Mengenang masa kecilnya, aktivis hak asasi manusia Muhanned Qafesha mengatakan warga Palestina tidak pernah benar-benar merasa lega oleh penjajahan Israel meskipun ada janji menentukan nasib sendiri dan pemerintahan sendiri.
"Saya sudah hidup di bawah pendudukan Israel, agresi Israel dan kebrutalan Israel. Saya telah menyaksikan semua jenis kekerasan Israel. Saya telah melihat semua jenis agresi Israel selama masa kecil saya. Saya tumbuh dengan melihat tank-tank militer menyerang lingkungan di Hebron, di mana Tentara Israel menggerebek rumah-rumah warga Palestina, menyerang warga Palestina, menembaki warga Palestina dan membunuh mereka. Saya telah melihat helikopter Israel dan F-16 membom rumah-rumah penduduk,” kenang Qafesha.
Dia mengatakan, tumbuh dengan pengalaman seperti itu adalah hal yang wajar jika dia ingin menjadi seorang aktivis yang memperjuangkan hak-hak dasar warga Palestina.
"Sebagai orang yang tumbuh dalam situasi seperti ini, hal itu membuat Anda ingin memperjuangkan kebebasan Anda. Merupakan reaksi yang sangat normal untuk melawan. Itu sebabnya saya memutuskan untuk bergabung dengan gerakan bernama Youth Against Settlement, yang merupakan gerakan tanpa kekerasan,” papar dia.
“Saya juga belajar jurnalisme untuk membicarakan penderitaan rakyat Palestina dan menyampaikan pesan rakyat Palestina ke seluruh dunia.
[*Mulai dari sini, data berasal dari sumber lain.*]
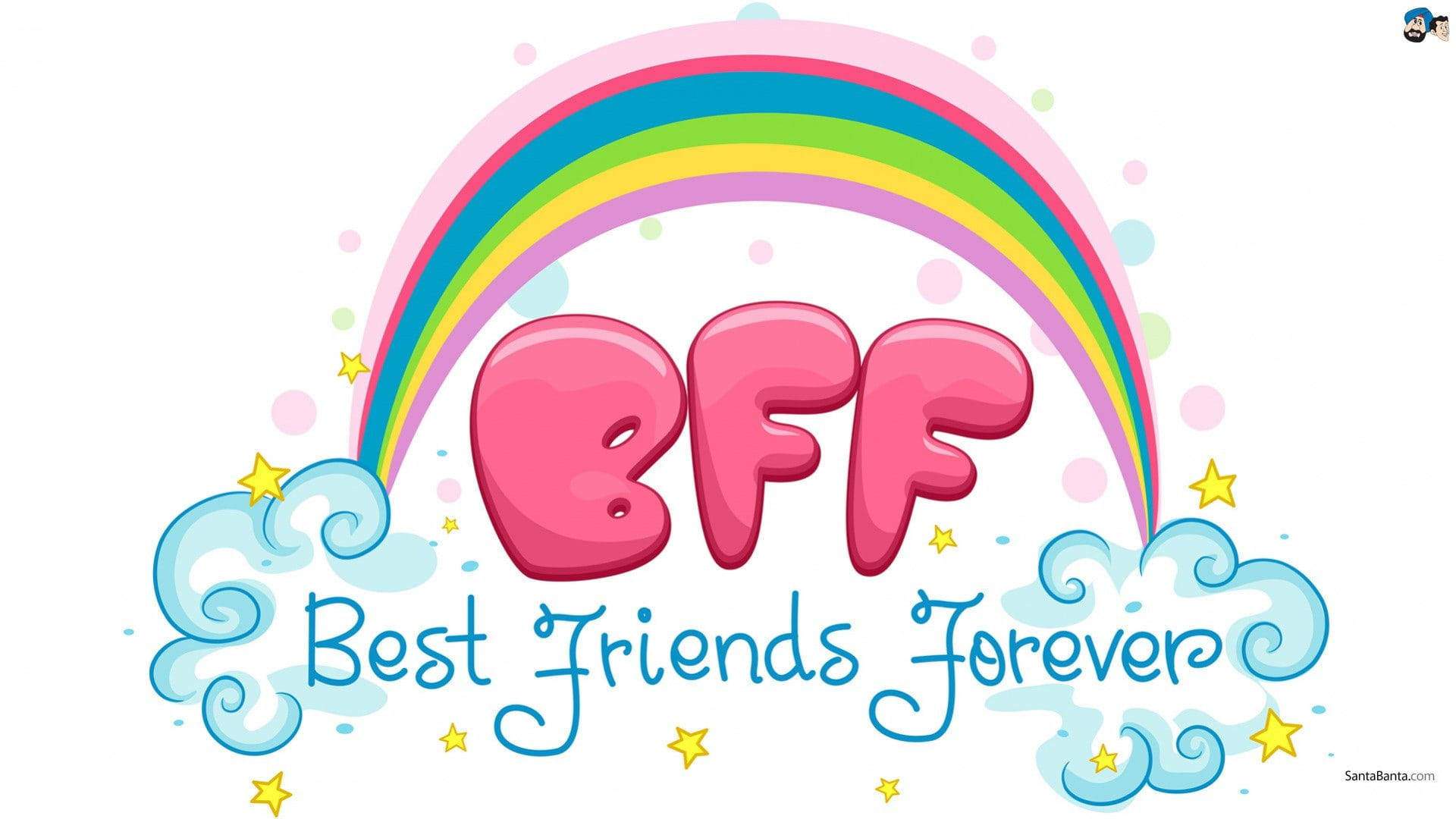 Best Friends Forever 桌布 壁紙 — 一道歡樂的卡通彩虹拱起在閃亮的粉紅色 BFF 字母上，伴隨著旋轉的雲朵和閃爍的星星。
Saya ingin semua orang di seluruh dunia tahu apa yang terjadi pada rakyat Palestina. Saya ingin anak-anak kita tidak mengalami trauma yang sama seperti yang dialami warga Palestina alami saat masih anak-anak," tutur Qafesha.
Tepi Barat dan Jalur Gaza sering digambarkan sebagai penjara terbuka, karena Israel terus mengontrol pergerakan orang dan barang di kedua wilayah Palestina tersebut.
Tanpa akses ke bandara, warga Palestina tidak punya cara lain untuk keluar selain meminta izin dari otoritas Israel untuk menyeberang ke negara-negara tetangga melalui jalur darat seperti Mesir ke Jalur Gaza dan Yordania ke Tepi Barat.
“Kondisi perbatasan darat dengan Yordania juga menggila bagi warga Palestina. Tidak buka 24 jam. Kami hanya bisa pergi dan kembali selama lima jam kalau sudah buka. Dan biasanya mereka hanya mengizinkan 500 orang lewat setiap harinya. Kalau 500 orang telah melintasi perbatasan dalam dua jam, mereka akan menutup perbatasan pada hari itu,” papar dia.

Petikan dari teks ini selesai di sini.